Range to repeat from the listing below: the line containing "A row of perfectly" down to the line containing "Custom Made White", both included. Copy it exactly, pictures excluded, and add nothing else.

§ Input data
= = = = =
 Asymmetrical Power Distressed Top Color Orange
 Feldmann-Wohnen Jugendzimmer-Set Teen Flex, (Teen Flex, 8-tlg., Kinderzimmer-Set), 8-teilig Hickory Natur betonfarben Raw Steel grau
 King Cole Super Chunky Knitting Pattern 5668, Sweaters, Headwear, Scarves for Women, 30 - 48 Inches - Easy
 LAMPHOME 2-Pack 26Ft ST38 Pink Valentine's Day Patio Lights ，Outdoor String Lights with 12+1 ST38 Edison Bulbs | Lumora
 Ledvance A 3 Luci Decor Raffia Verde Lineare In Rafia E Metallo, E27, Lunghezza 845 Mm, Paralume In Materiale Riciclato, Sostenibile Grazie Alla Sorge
= = = = =
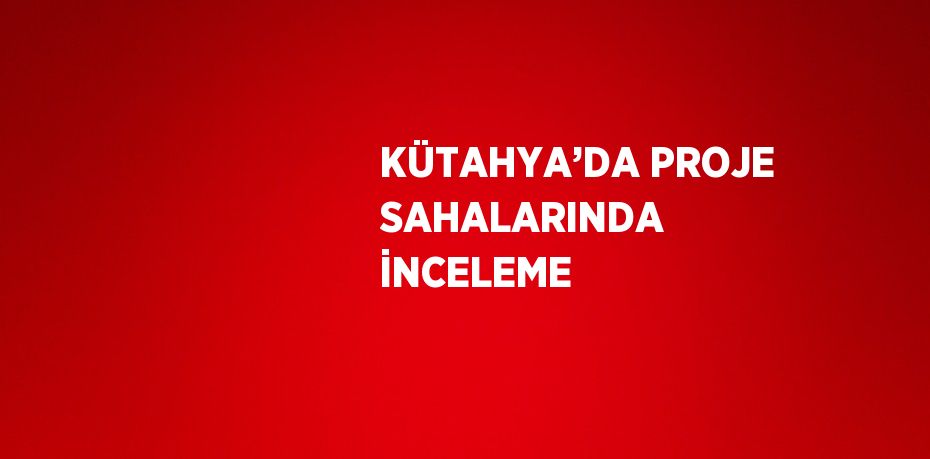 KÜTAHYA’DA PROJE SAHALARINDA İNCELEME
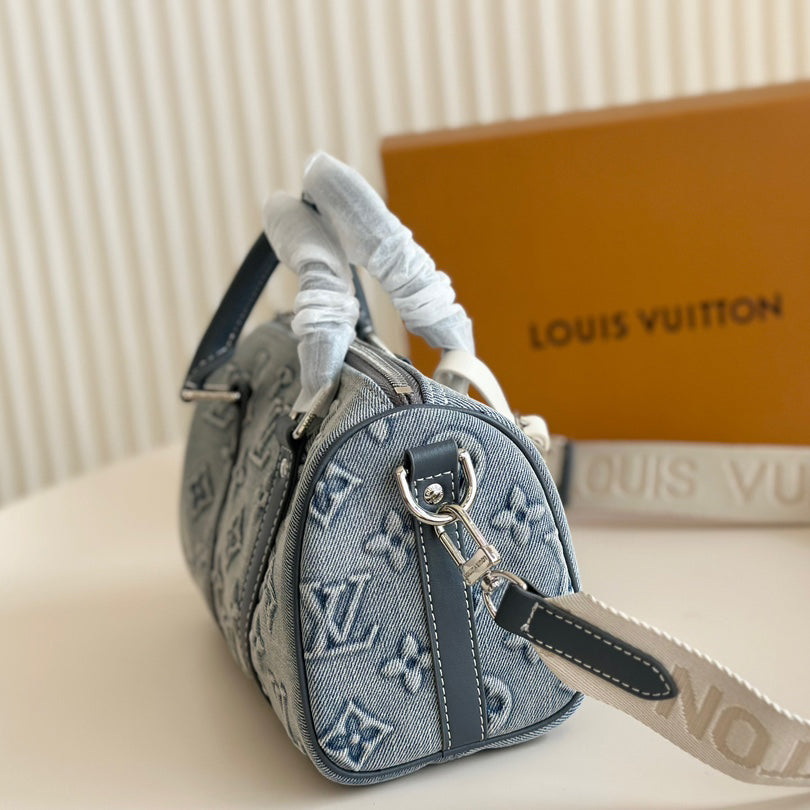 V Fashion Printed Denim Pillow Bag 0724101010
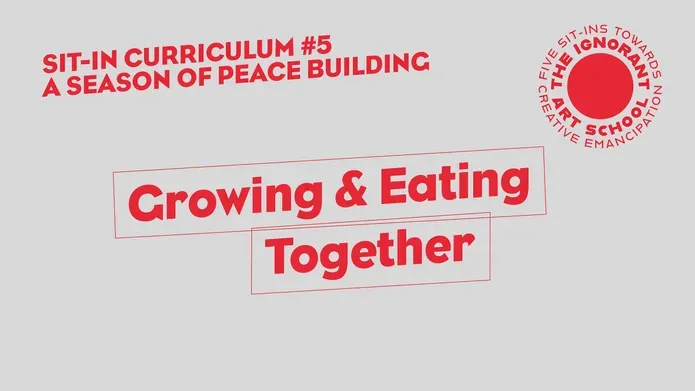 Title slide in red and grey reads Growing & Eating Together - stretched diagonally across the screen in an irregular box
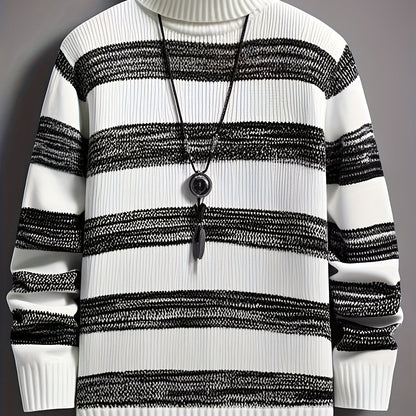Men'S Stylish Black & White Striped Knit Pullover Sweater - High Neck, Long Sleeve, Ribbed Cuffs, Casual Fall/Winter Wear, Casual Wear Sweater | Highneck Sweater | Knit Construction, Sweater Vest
= = = = =
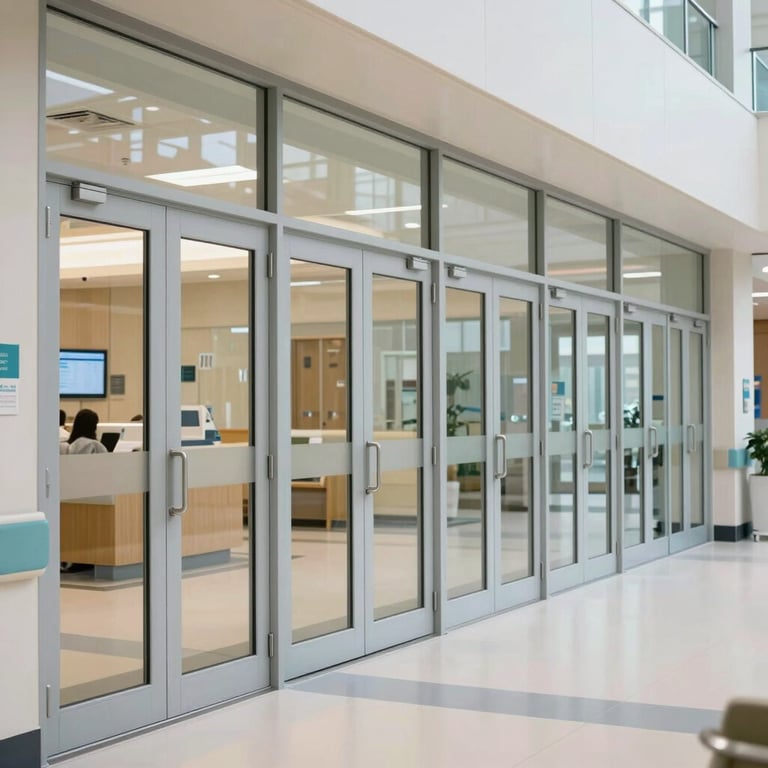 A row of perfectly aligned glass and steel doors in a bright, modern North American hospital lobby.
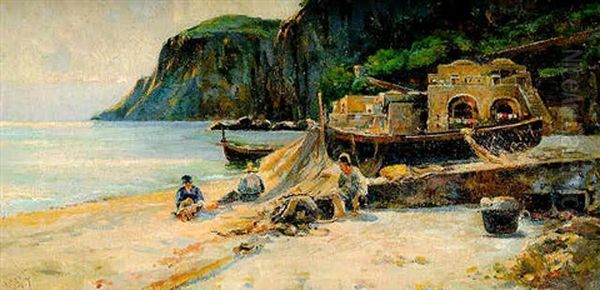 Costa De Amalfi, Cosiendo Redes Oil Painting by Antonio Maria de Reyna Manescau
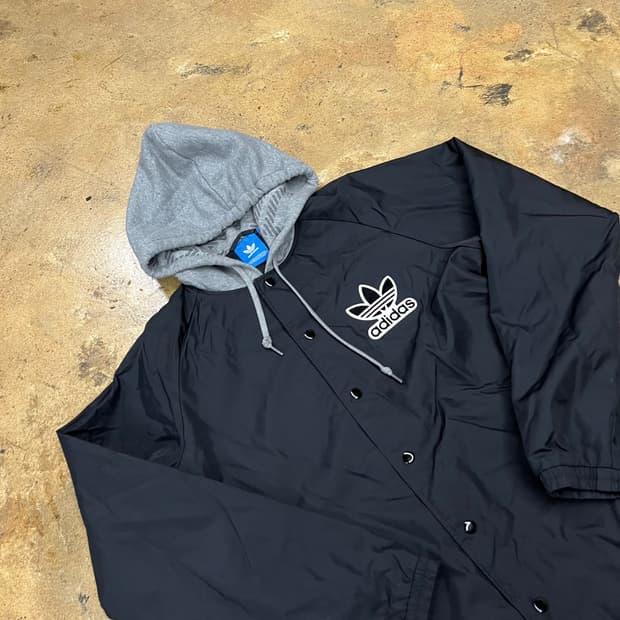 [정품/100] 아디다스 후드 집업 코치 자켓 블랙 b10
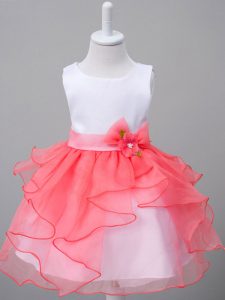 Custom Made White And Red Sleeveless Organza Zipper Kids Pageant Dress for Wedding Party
= = = = =
§ Solution
 A row of perfectly aligned glass and steel doors in a bright, modern North American hospital lobby.
 Costa De Amalfi, Cosiendo Redes Oil Painting by Antonio Maria de Reyna Manescau
 [정품/100] 아디다스 후드 집업 코치 자켓 블랙 b10
 Custom Made White And Red Sleeveless Organza Zipper Kids Pageant Dress for Wedding Party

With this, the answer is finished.